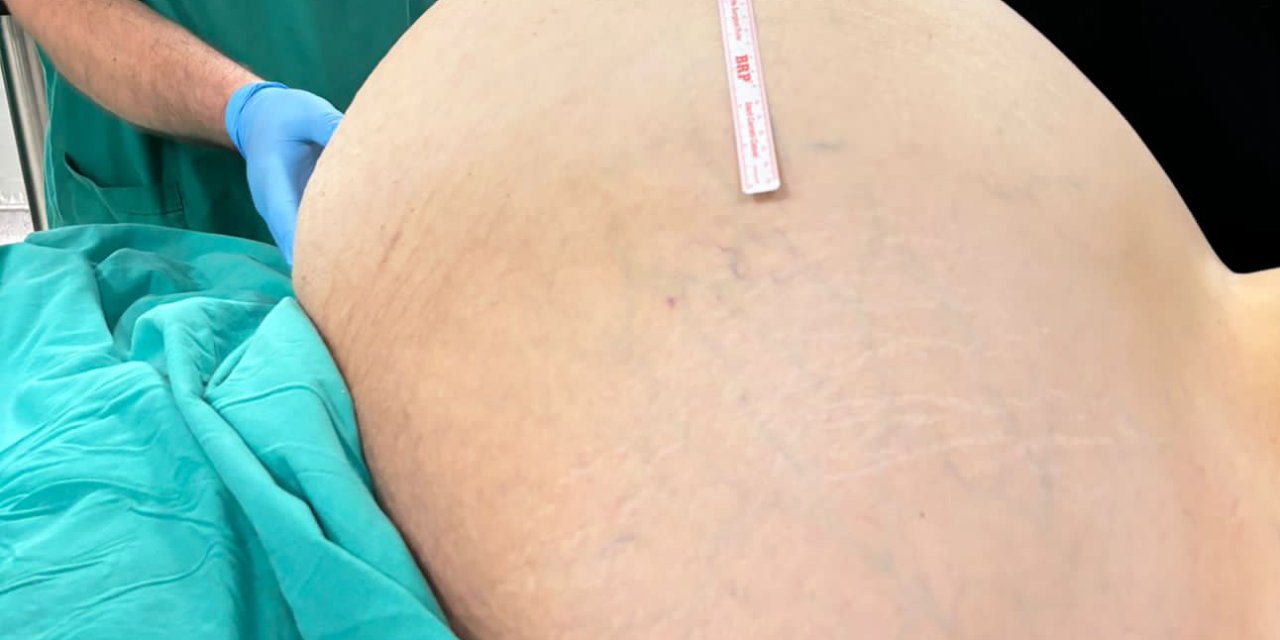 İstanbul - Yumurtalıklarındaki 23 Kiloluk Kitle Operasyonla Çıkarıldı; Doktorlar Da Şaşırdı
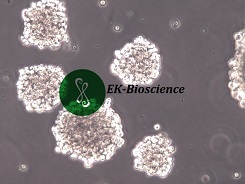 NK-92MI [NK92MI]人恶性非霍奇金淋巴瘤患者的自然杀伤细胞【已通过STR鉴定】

◆ ◆ ◆ ◆

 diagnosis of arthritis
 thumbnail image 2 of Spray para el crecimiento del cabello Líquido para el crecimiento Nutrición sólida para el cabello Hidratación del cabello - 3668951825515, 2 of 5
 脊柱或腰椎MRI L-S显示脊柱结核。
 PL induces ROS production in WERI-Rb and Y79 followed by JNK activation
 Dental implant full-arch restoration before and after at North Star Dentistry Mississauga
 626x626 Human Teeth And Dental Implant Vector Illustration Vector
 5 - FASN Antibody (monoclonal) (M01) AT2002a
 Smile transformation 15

◆ ◆ ◆ ◆

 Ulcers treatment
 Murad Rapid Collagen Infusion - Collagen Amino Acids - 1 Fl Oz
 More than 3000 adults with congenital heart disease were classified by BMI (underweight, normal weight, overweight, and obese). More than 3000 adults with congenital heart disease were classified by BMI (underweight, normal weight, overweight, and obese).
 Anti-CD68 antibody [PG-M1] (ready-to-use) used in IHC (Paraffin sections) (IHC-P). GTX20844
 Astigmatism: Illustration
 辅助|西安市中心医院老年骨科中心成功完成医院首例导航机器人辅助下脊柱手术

◆ ◆ ◆ ◆

## EXERCISE
Return every line from the entries above that contains the word "Dental".

## FINAL ANSWER
 Dental implant full-arch restoration before and after at North Star Dentistry Mississauga
 626x626 Human Teeth And Dental Implant Vector Illustration Vector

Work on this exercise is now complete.